Is Dollar Hegemony Nearing Its End?

To expand the American empire and to give it a global advantage in addition to already having the #1 military force, the U.S. unilaterally defaulted on its obligation to back the dollar with gold on August 15, 1971. To ensure the dollar would retain its value, it struck a deal backed by its military might so that OPEC would demand payment for oil exports in U.S, dollars. To ensure the dollar would gain dominance as the world’s reserve currency it necessarily instituted policies that guaranteed growing chronic trade deficits, thus ensuring that overseas dollar liquidity was available for global trade. Policies initiated sent high value added industries abroad causing a hollowing out of America’s middle class who became future Donald Trump votes.
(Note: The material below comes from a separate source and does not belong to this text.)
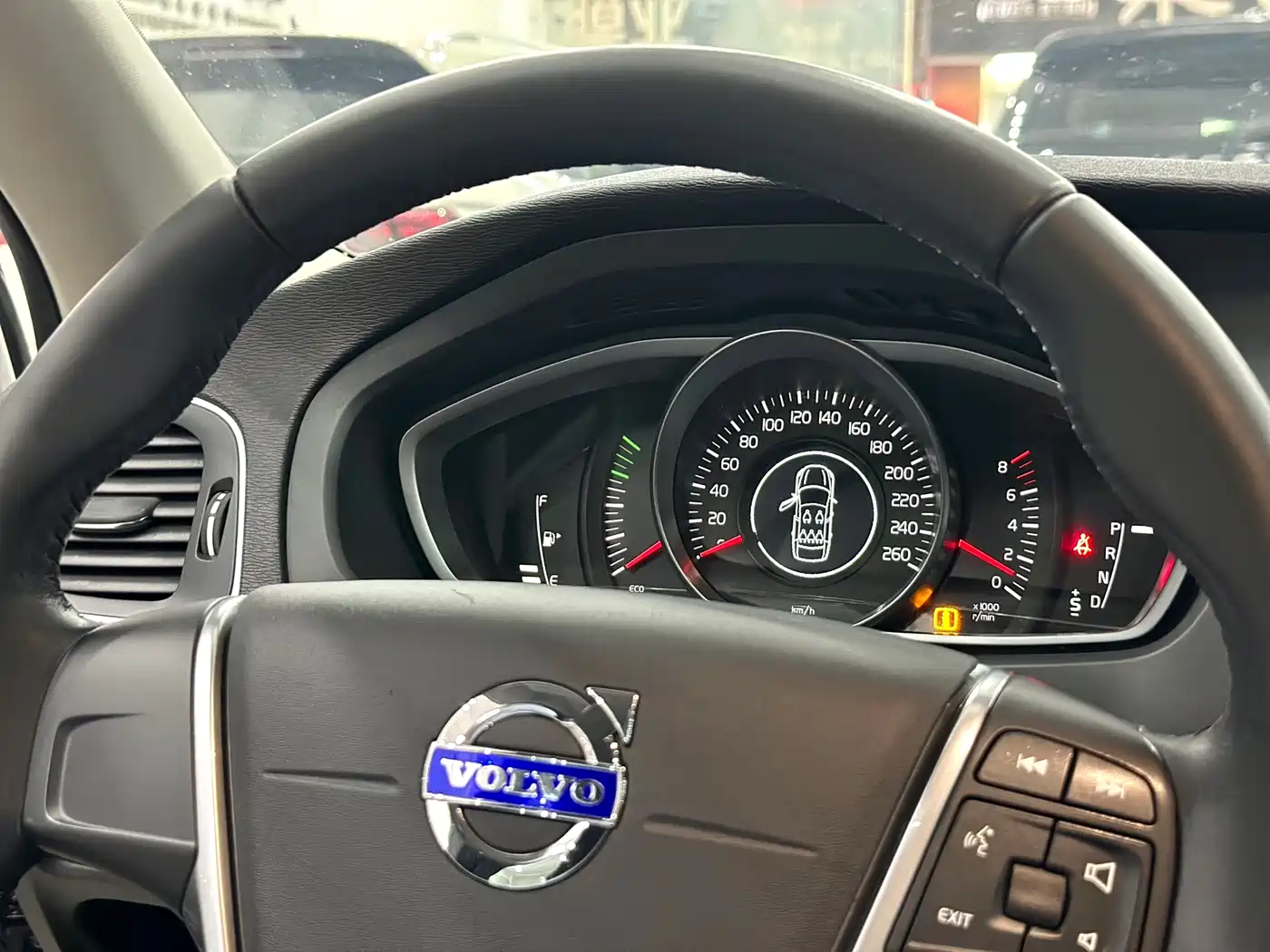 Фото 23 - Volvo V40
No one knows how long the dollar will remain the leading global currency but the charts on this page suggest its dominance is waning. The chart on your left shows central bank dollar reserves have declined since August 2014 by 4% despite the U.S. running a $3.603 trillion deficit during that time! Hugo Salinas Price notes that the Chinese Central Bank has been selling dollars to buy gold and Chinese citizens have been using those dollars to buy up global assets. The chart lower left shows a gigantic top in terms of global U.S. dollar liquidity (U.S. Monetary base + dollars at Central banks). And the chart directly below shows a recent massive percentage decline in global trade coinciding with Trump’s tariffs on China. This decline in global trade is nearly as severe as it was during the financial crisis! Trump’s policies to “Make America Great Again” by bringing high value industry and jobs back to America require a reversal of trade deficits. By definition that means a reversal of the dominance of the dollar. Might that have something to do with recent gold friendly appointments to the Fed? It’s impossible to predict the timing but the handwriting is on the wall. The dollar’s days are numbered and that can only be bullish for gold.